**ASSIGNED TASK:**
Please repeat the listing below exactly, but do not include its pictures.

**INFORMATION SHOWN:**
# # # # #

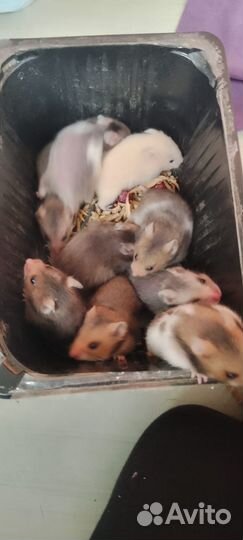 Хомячки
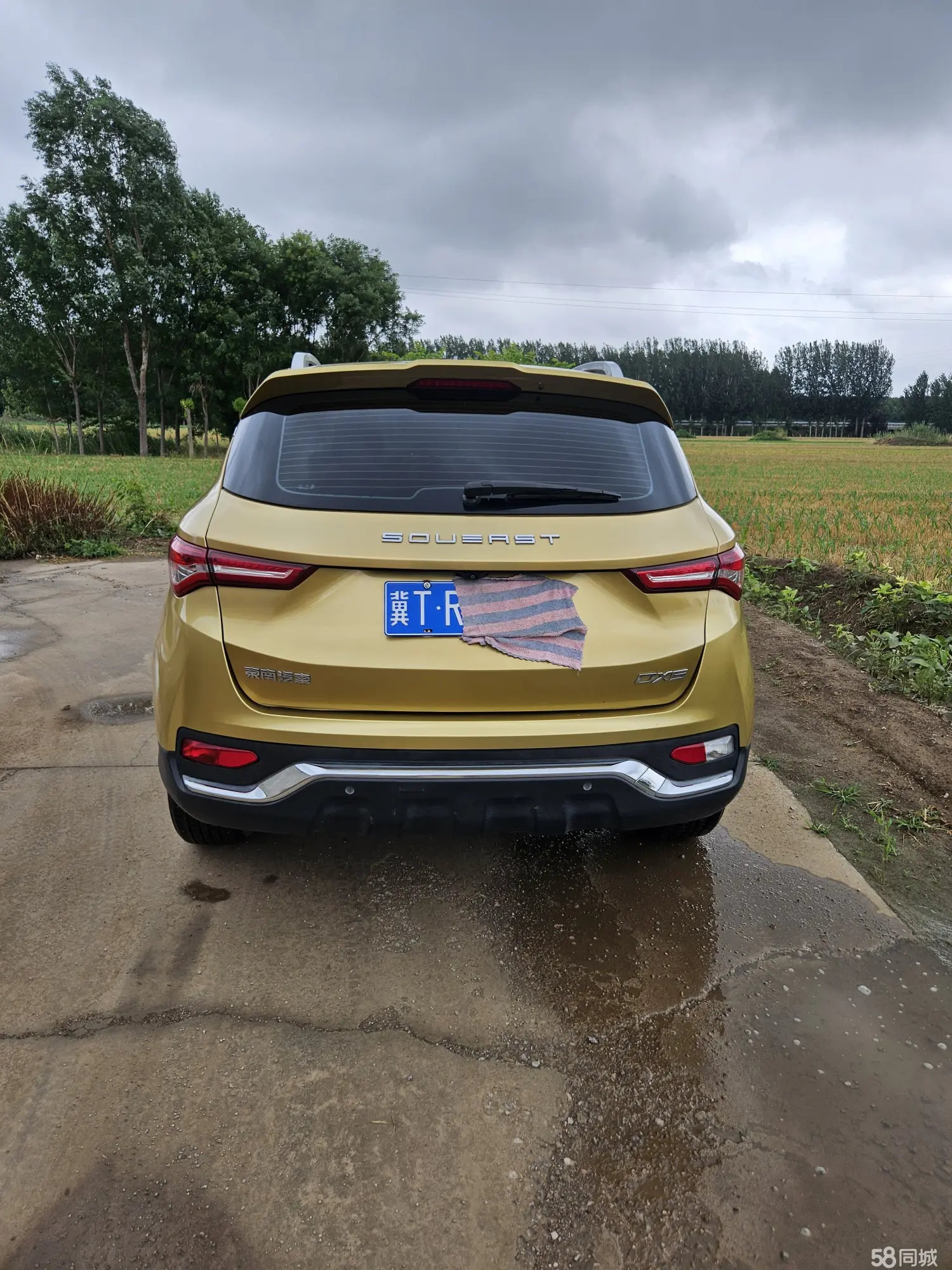 Soueast DX5 2020 imagen de coche #10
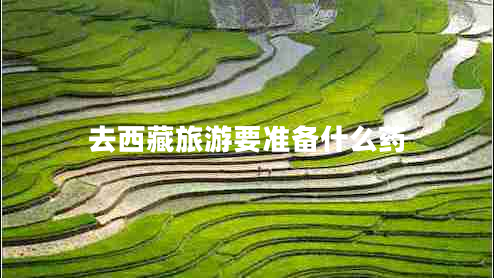 去西藏旅游要準(zhǔn)備什么藥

# # # # #

**RESPONSE FOR THIS EXERCISE:**
 Хомячки
 Soueast DX5 2020 imagen de coche #10
 去西藏旅游要準(zhǔn)備什么藥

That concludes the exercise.